In November 2023, the FASB issued ASU No. 2023-07, “Segment Reporting (Topic 280): Improvements to Reportable Segment Disclosures.” This ASU expands required public entities’ segment disclosures, including disclosure of significant segment expenses that are regularly provided to the chief operating decision maker and included within each reported measure of segment profit or loss, an amount and description of its composition for other segment items and interim disclosures of a reportable segment’s profit or loss and assets. This ASU is effective for fiscal years beginning after December 15, 2023, and interim periods within fiscal years beginning after December 15, 2024. Early adoption is permitted. The Company is currently evaluating the impact of adopting this ASU on its consolidated financial statements and disclosures.

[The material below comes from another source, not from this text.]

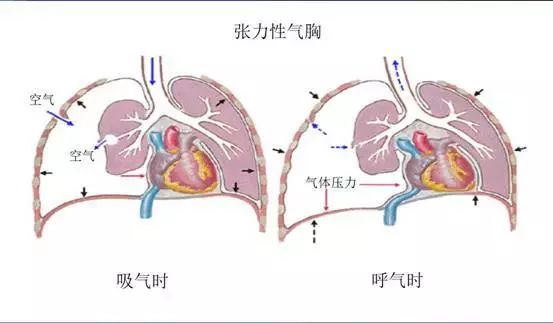 小科普:张力性气胸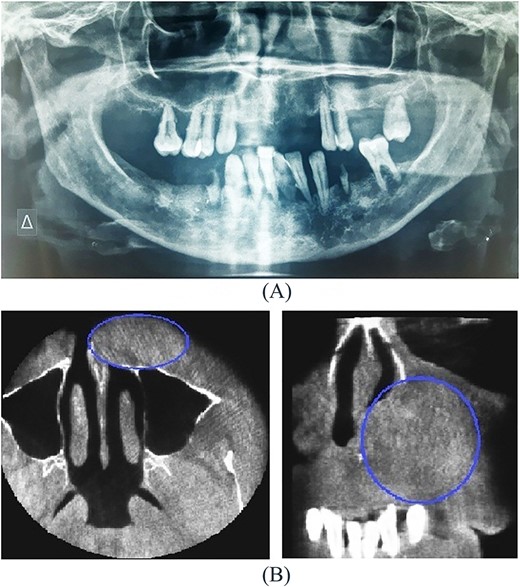(A) Orthopantomogram, (B) CBCT imaging of soft tissue mass.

Recent accounting pronouncements pending adoption that are not discussed above are either not applicable, or will not have, or are not expected to have, a material impact on our consolidated financial condition, results of operations, cash flows or related disclosures.
Note 2: Revenue and segment information
The Company reports its financial results of operations on a geographical basis in the following two reportable segments: United States and Canada. Each segment generally derives its revenues in the same manner. The Company uses adjusted operating profit as its measure of segment profit. Adjusted operating profit is defined as profit before tax, excluding central and other costs, restructuring costs, impairments and other charges, amortization of acquired intangible assets, net interest expense, as well as other items typically recorded in net other (expense) income such as (loss)/gain on disposal of businesses, pension plan changes/closure costs and amounts recorded in connection with the Company’s interests in investees. Certain income and expenses are not allocated to the Company’s segments and, thus, the information that management uses to make operating decisions and assess performance does not reflect such amounts.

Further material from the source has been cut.